All of my reading (not direct work with, I haven’t gotten to tune any NEOs or Falcons yet) leads me to believe teams need more math and better tuning to be able to control these motors.
In my opinion, with all the additional low end torque available, better control strategies have to be implemented, not worse.
This is exactly how it should have been said, this is a wonderful response.
As for who should be teaching it… I’m not sure. It’s seems plenty of mentors have found how to teach it within their team, but not anywhere near as successfully to the general public.
These readings are quite advanced. My goal was to address the audience of people who are just on the cusp of using PID’s. We have found multiple cases that we would normally want to use PID’s that it just needed a P control.
We have introductory documentation on control theory, feedforward, feedback, and motion profiles. The problem is teams never read it. The basic information is there; it just needs fleshing out with more figures and better organization for discoverability.
Gotcha. One thing I’ve been using at work is a “choose your own adventure” style series of links. Things like “click here if you’re an end user” or “click here if you’re a developer”, with more similar links underneath.
Ultimately, the hope is to lead a user who doesn’t know how to start to a small set of useful links - customized to the level they’re actually starting at.
Full disclosure: I’ve spent very little time going through the online-documented portions. I blame Oblarg for planting the seed in my head . Not 100% sure how successful it will be - a lot of it hinges on being able to inject lots of custom javascript to do pretty animated graphs.
I would think this is a fundamental gap to address.

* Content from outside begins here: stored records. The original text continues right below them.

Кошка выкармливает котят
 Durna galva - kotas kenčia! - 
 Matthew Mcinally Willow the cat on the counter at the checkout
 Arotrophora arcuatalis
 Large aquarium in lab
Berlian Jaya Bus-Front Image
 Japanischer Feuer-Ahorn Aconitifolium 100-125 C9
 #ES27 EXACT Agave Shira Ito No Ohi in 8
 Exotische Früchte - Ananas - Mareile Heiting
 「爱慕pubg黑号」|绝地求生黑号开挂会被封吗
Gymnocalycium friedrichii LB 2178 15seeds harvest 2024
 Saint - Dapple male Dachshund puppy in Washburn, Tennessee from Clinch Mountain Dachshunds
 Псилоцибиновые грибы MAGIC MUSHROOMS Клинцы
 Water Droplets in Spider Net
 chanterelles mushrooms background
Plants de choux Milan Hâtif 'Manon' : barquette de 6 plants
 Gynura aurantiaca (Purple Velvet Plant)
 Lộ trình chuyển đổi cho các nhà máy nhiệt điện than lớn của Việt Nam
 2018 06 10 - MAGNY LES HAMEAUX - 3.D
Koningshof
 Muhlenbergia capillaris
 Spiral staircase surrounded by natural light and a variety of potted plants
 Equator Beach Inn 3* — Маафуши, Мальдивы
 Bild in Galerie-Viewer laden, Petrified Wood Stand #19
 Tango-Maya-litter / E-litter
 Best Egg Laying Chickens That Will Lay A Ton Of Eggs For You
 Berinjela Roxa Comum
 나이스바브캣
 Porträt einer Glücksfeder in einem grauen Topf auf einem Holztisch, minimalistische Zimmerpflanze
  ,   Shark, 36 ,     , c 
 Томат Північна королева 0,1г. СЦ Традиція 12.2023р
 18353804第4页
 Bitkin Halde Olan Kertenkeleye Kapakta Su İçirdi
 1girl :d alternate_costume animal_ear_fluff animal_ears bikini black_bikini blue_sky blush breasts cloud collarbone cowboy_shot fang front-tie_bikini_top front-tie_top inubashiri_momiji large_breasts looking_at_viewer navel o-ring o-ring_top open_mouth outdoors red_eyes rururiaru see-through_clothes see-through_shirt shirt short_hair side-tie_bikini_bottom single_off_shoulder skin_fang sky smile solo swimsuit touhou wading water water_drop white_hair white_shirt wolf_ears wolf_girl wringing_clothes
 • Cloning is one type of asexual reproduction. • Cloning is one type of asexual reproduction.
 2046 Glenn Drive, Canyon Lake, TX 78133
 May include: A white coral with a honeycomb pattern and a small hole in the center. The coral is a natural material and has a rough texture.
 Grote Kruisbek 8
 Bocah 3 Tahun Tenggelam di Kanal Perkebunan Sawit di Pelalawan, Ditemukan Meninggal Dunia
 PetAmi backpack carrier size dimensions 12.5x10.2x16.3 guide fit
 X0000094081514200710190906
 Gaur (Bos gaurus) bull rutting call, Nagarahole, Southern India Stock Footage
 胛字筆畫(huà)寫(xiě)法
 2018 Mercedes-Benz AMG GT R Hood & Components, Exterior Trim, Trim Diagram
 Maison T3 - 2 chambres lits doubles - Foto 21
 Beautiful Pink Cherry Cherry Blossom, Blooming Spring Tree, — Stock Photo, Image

Vocabulary is important. In this context, there’s a two-level mental model I believe is useful:
One level involves deciding “use closed loop control” - that is, calculate a motor command using a sensor value. This is one choice to make - there’s a lot to be said about when this is necessary (or not), and when it’s a good idea (or not).
The second involves determining how that sensor value will be used. This is where specific algorithms come into play. Bang-bang, P, PF, PI, PD, PID, PIDF, State Space, etc. are all options. There’s lots of discussion that could be had as to what’s needed in each situation, as well as the finer details of implementing the chosen algorithm.
Of key importance: You want your development process for selecting a control algorithm to be overdamped: Start with minimum viable product. Increase the complexity if and only if the previous iteration wasn’t “good enough”. Don’t overshoot on adding complexity - only add it as you know for sure that you need it.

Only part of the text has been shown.